╔══
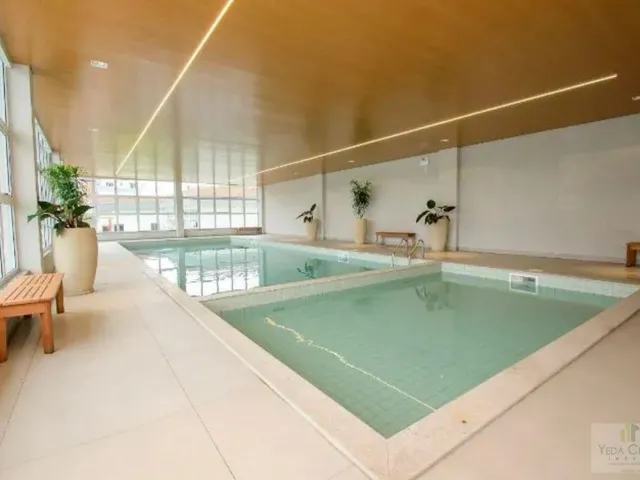 Imagem 12: Apartamento semimobiliado no Garden Club Residence – Pedra Branca, Palhoça/SC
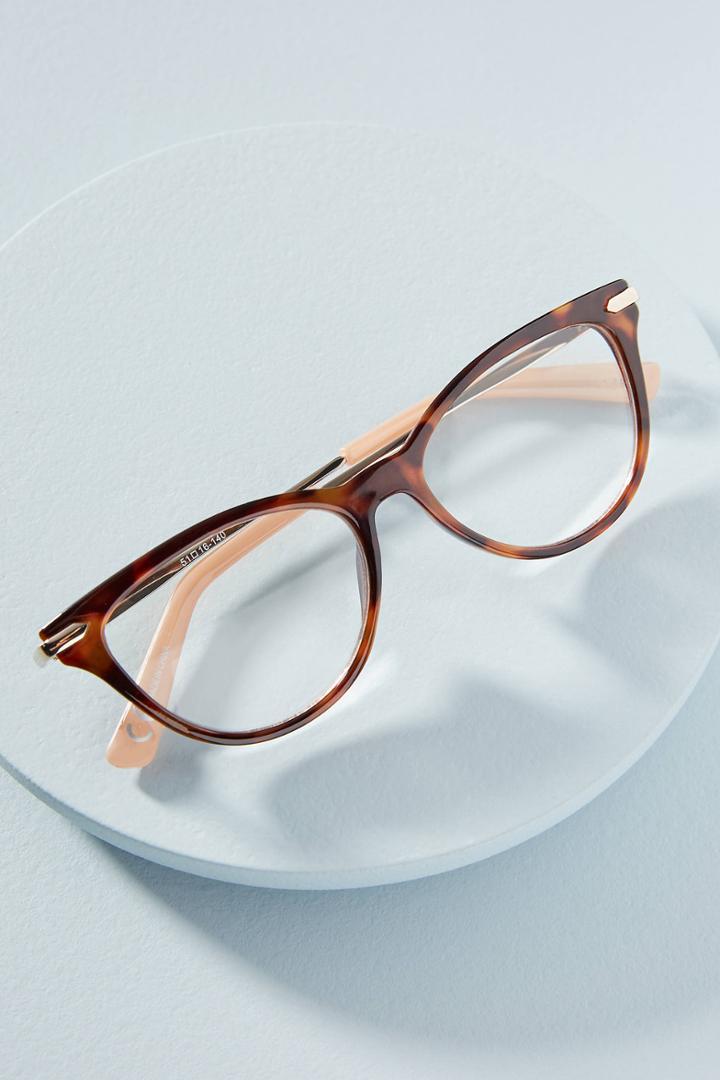 Zigi & Marais Oxford Cat-eye Reading Glasses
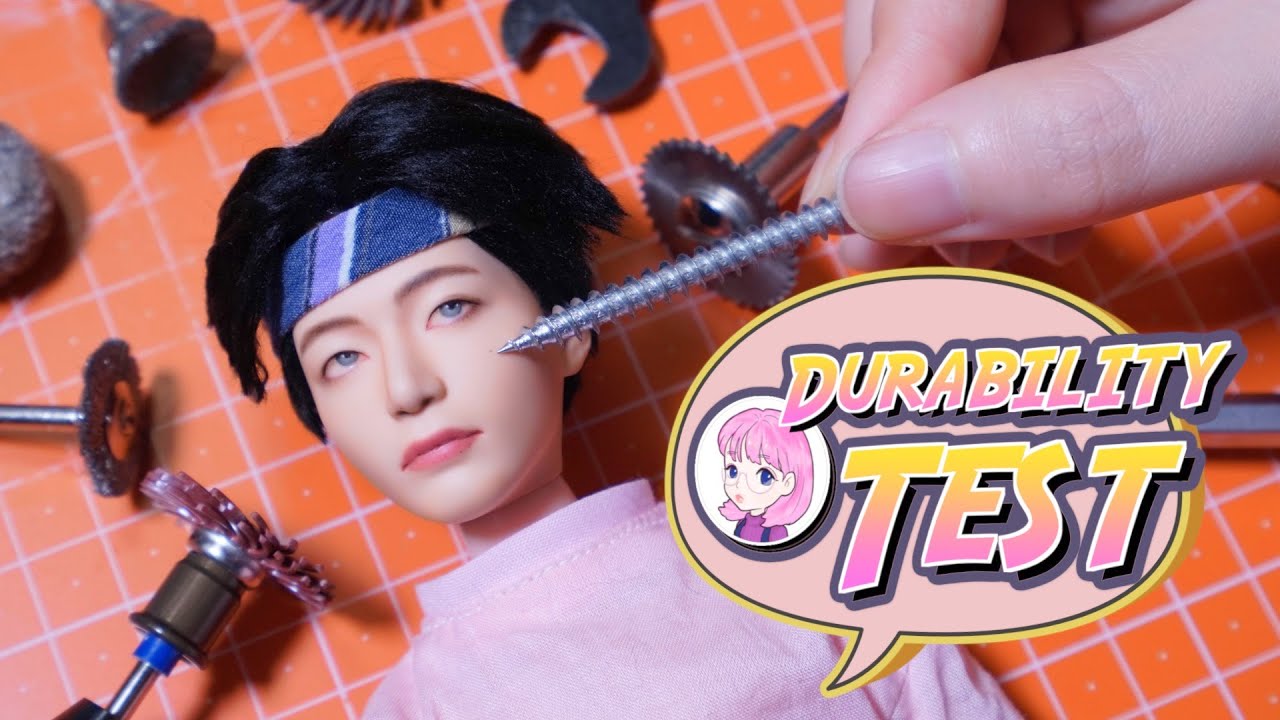 ⚠DO NOT TRY THIS—Things You Should Avoid and Probably Can Do With Your OOAK Barbie Dolls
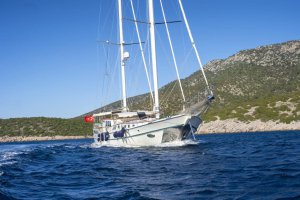 Аренда Гулетов Sunworld X Турции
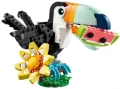 Klocki Dzikie zwierzęta Tropikalny tukan 7+ Lego Creator_94224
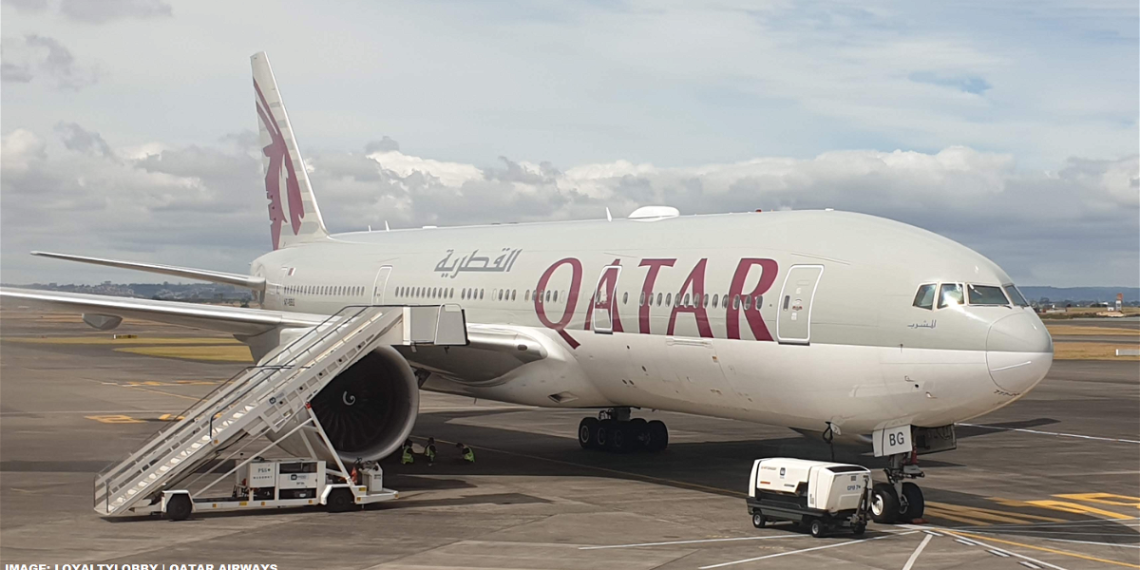 Qatar Airways 20 Off Birthday Offer Ex Europe Check Your Email - Travel News, Insights & Resources.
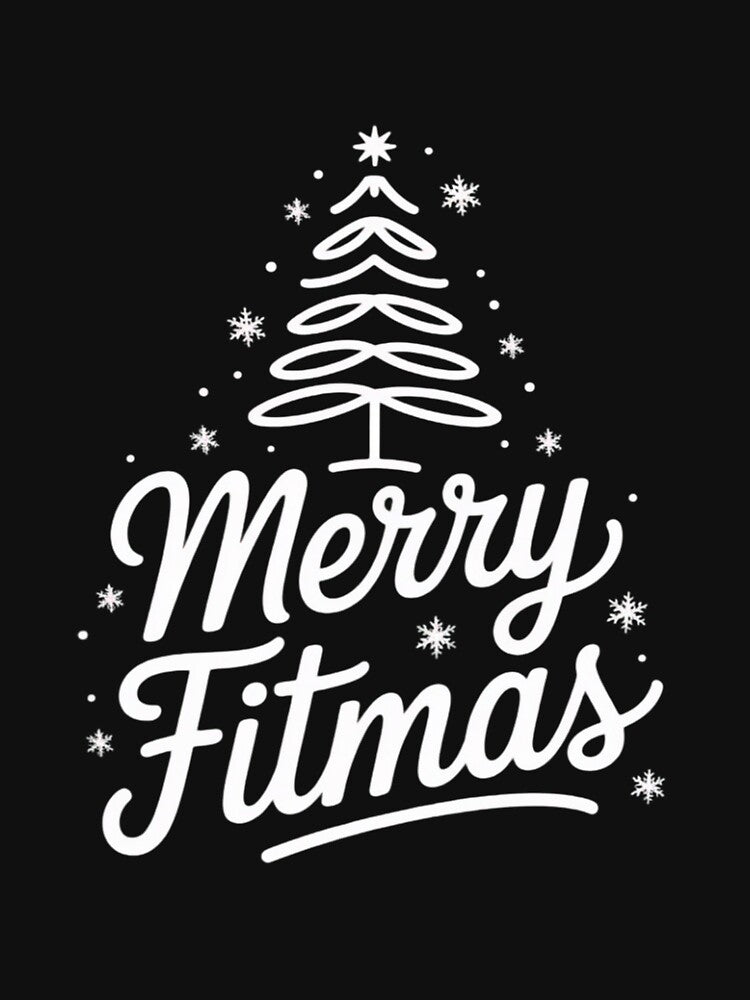 Merry Fitmas Workout Xmas Gym Fitness T-Shirts, Hoodie, Sweatshirt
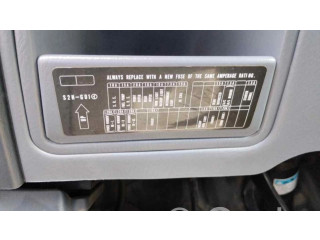   Pojistková skříňka S2HG01   Honda HR-V 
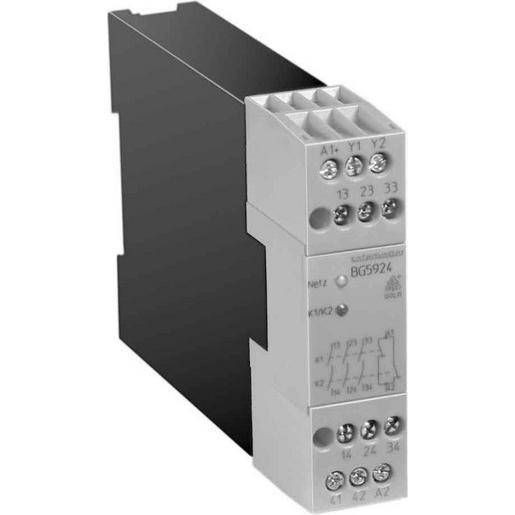 BG5924.04 AC/DC24V NOT-AUS-MODUL
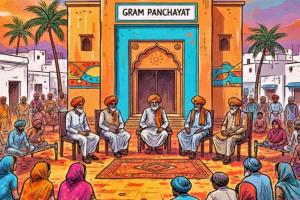 राजस्थान में  85 नई पंचायत समितियां और 3440 ग्राम पंचायतों का गठन, बदलेगा गांवों का भविष्य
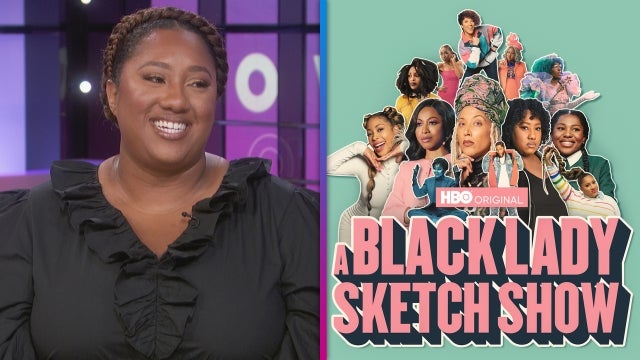 Ashley Nicole Black on 'A Black Lady Sketch Show' Season 3 and Writing For 'Ted Lasso' (Exclusive) 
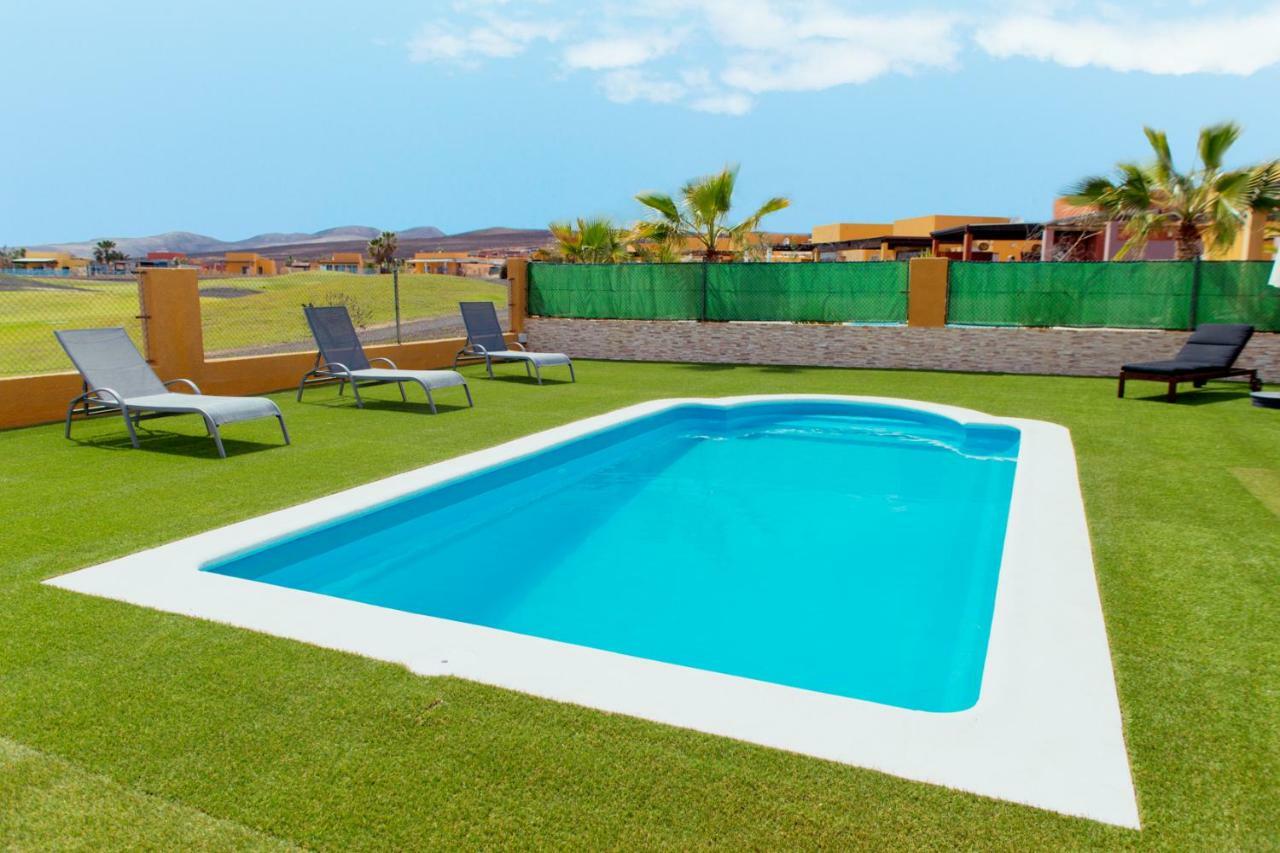 Surprise Only Solar Energy Villa *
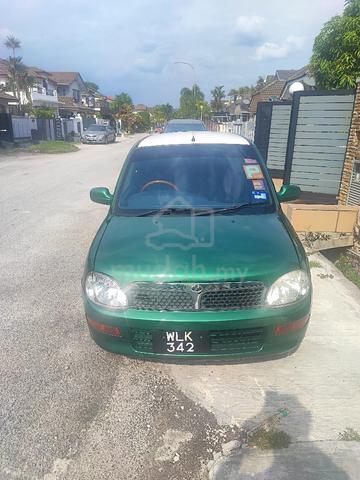 2003 Perodua KELISA 1.0 EZ (A) - 3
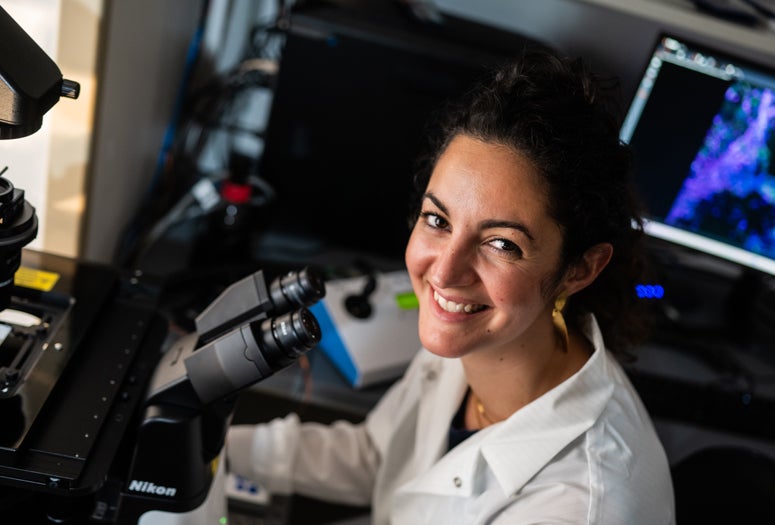 Photo of Christina Tringides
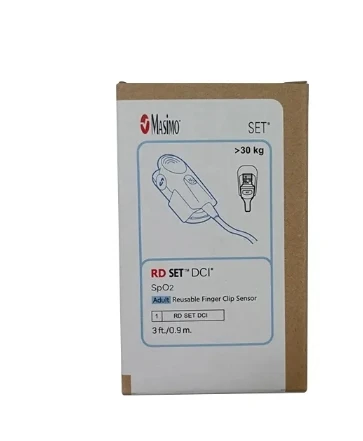 Многоразовый датчик для взрослых RD DCI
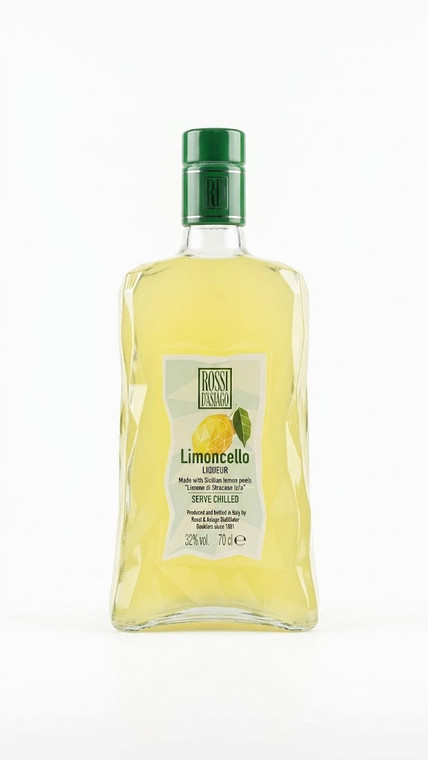 Bossi D'Asiago Limoncello 700ml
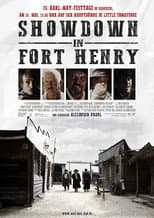 Poster for Showdown in Fort Henry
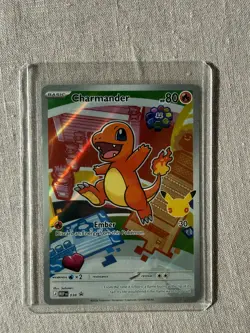 Pokemon TCG First Partner Illustration Collection Series 1 Kanto GEN 1 Starters - Image 2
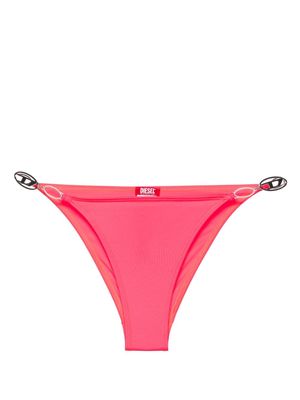 Diesel Bfpn-Irina bikini bottom - Pink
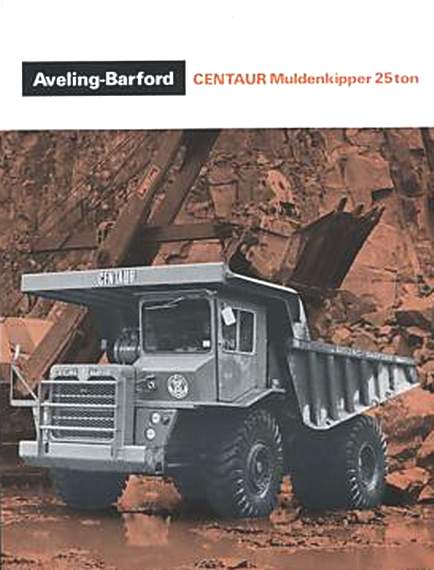 Aveling Barford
╚══
(REQUIRED ACTION): Make an exact copy of the lines above, beginning with the line with "Qatar Airways 20" and ending with the line with "Photo of Christina Tringides", and keep the pictures out of it.

(SOLVED EXERCISE):
 Qatar Airways 20 Off Birthday Offer Ex Europe Check Your Email - Travel News, Insights & Resources.
 Merry Fitmas Workout Xmas Gym Fitness T-Shirts, Hoodie, Sweatshirt
   Pojistková skříňka S2HG01   Honda HR-V 
 BG5924.04 AC/DC24V NOT-AUS-MODUL
 राजस्थान में  85 नई पंचायत समितियां और 3440 ग्राम पंचायतों का गठन, बदलेगा गांवों का भविष्य
 Ashley Nicole Black on 'A Black Lady Sketch Show' Season 3 and Writing For 'Ted Lasso' (Exclusive) 
 Surprise Only Solar Energy Villa *
 2003 Perodua KELISA 1.0 EZ (A) - 3
 Photo of Christina Tringides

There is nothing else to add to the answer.